Insulating glass units (IGUs) are manufactured with glass in range of thickness from 3 to 10 mm (1/8" to 3/8") or more in special applications. Laminated or tempered glass may also be used as part of the construction. Most units are produced with the same thickness of glass used on both panes but special applications such as acoustic attenuation or security may require wide ranges of thicknesses to be incorporated in the same unit.
Double-hung and storm windows
Insulating glass is an evolution from older technologies known as double-hung windows and storm windows. Traditional double-hung windows used a single pane of glass to separate the interior and exterior spaces.
- In the summer, a window screen would be installed on the exterior over the double-hung window to keep out animals and insects.
- In the winter, the screen was removed and replaced with a storm window, which created a two-layer separation between the interior and exterior spaces, increasing window insulation in cold winter months. To permit ventilation the storm window may be hung from removable hinge loops and swung open using folding metal arms. No screening was usually possible with open storm windows, though in the winter, insects typically are not active.
Traditional storm windows and screens are relatively time consuming and labor-intensive, requiring removal and storage of the storm windows in the spring, and reinstallation in the fall and storage of the screens. The weight of the large storm window frame and glass makes replacement on upper-stories of tall buildings a difficult task requiring repeatedly climbing a ladder with each window and trying to hold the window in place while securing retaining clips around the edges. However, current reproductions of these old-style storm windows can be made with detachable glass in the bottom pane that can be replaced with a detachable screen when desired. This eliminates the need for changing the entire storm window according to the seasons.
Insulated glazing forms a very compact multi-layer sandwich of air and glass, which eliminates the need for storm windows. Screens may also be left installed year-round with insulated glazing, and can be installed in a manner that permits installation and removal from inside the building, eliminating the requirement to climb up the exterior of the house to service the windows. It is possible to retrofit insulated glazing into traditional double-hung frames, though this would require significant modification to the wood framed due to the increased thickness of the IG assembly.
Modern window units with IG typically completely replace the older double-hung unit, and include other improvements such as better sealing between the upper and lower windows, and spring-operated weight balancing that removes the need for large hanging weights inside the wall next to the windows, allowing for more insulation around the window and reducing air leakage, provides robust protection against the sun and will keep the house cool in the hot summer and warm in winter. These spring-operated balancing mechanisms also typically permit the top of the windows to swing inward, permitting cleaning of the exterior of the IG window from inside the building.

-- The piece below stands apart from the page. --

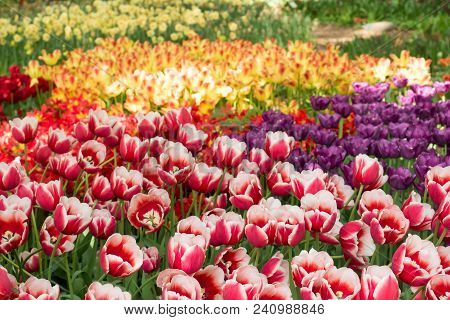 Colorful Tulips Flowers Blooming In A Garden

The glass panes are separated by a "spacer". A spacer, also known as a warm edge, is the piece that separates the two panes of glass in an insulating glass system, and seals the gas space between them. Historically, spacers were made primarily of metal and fiber, which manufacturers thought provided more durability.
However, metal spacers conduct heat (unless the metal is thermally improved), undermining the ability of the insulated glass unit (IGU) to reduce heat flow. It may also result in water or ice forming at the bottom of the sealed unit because of the sharp temperature difference between the window and surrounding air. To reduce heat transfer through the spacer and increase overall thermal performance, manufacturers may make the spacer out of a less-conductive material such as structural foam. A spacer made of aluminum that also contains a highly structural thermal barrier reduces condensation on the glass surface and improves insulation, as measured by the overall U-value.

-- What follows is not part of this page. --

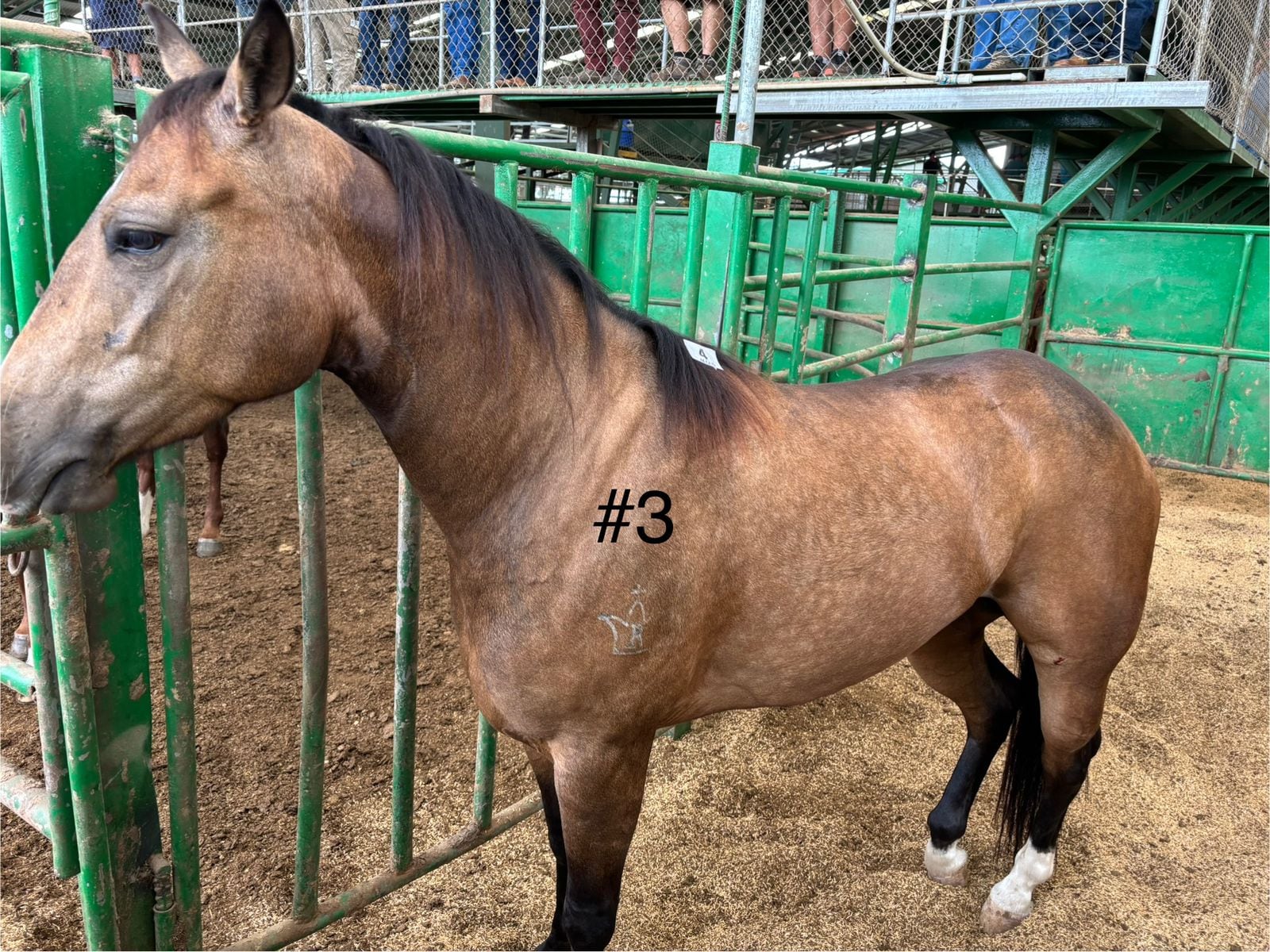 Los ocho caballos decomisados en la casa de una conocida barrilera de Pérez Zeledón, esposa de un supuesto líder narco, dejaron una millonada para Estado costarricense. Foto: ICD para La Teja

- A spacer that reduces heat flow in glazing configurations may also have characteristics for sound dampening where external noise is an issue.
- Typically, spacers are filled with or contain desiccant to remove moisture trapped in the gas space during manufacturing, thereby lowering the dew point of the gas in that space, and preventing condensation from forming on surface #2 when the outside glass pane temperature falls.

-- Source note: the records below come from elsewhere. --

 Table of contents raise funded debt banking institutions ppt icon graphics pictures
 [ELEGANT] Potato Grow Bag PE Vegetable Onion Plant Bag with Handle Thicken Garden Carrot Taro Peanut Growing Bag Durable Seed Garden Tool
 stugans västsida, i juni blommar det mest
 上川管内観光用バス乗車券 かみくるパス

- New technology has emerged to combat the heat loss from traditional spacer bars, including improvements to the structural performance and long-term-durability of improved metal (aluminum with a thermal barrier) and foam spacers.
IGUs are often manufactured on a made to order basis on factory production lines, but standard units are also available. The width and height dimensions, the thickness of the glass panes and the type of glass for each pane as well as the overall thickness of the unit must be supplied to the manufacturer. On the assembly line, spacers of specific thicknesses are cut and assembled into the required overall width and height dimensions and filled with desiccant. On a parallel line, glass panes are cut to size and washed to be optically clear.
An adhesive sealant (polyisobutylene) is applied to the face of the spacer on each side and the panes pressed against the spacer. If the unit is gas filled, two holes are drilled into the spacer of the assembled unit, lines are attached to draw out the air out of the space and replacing it (or leaving just vacuum) with the desired gas. The lines are then removed and holes sealed to contain the gas. The more modern technique is to use an online gas filler, which eliminates the need to drill holes in the spacer. The units are then sealed on the edge side using either polysulfide or silicone sealant or similar material to prevent humid outside air from entering the unit. The desiccant will remove traces of humidity from the air space so that no water appears on the inside faces (no condensation) of the glass panes facing the air space during cold weather. Some manufacturers have developed specific processes that combine the spacer and desiccant into a single step application system.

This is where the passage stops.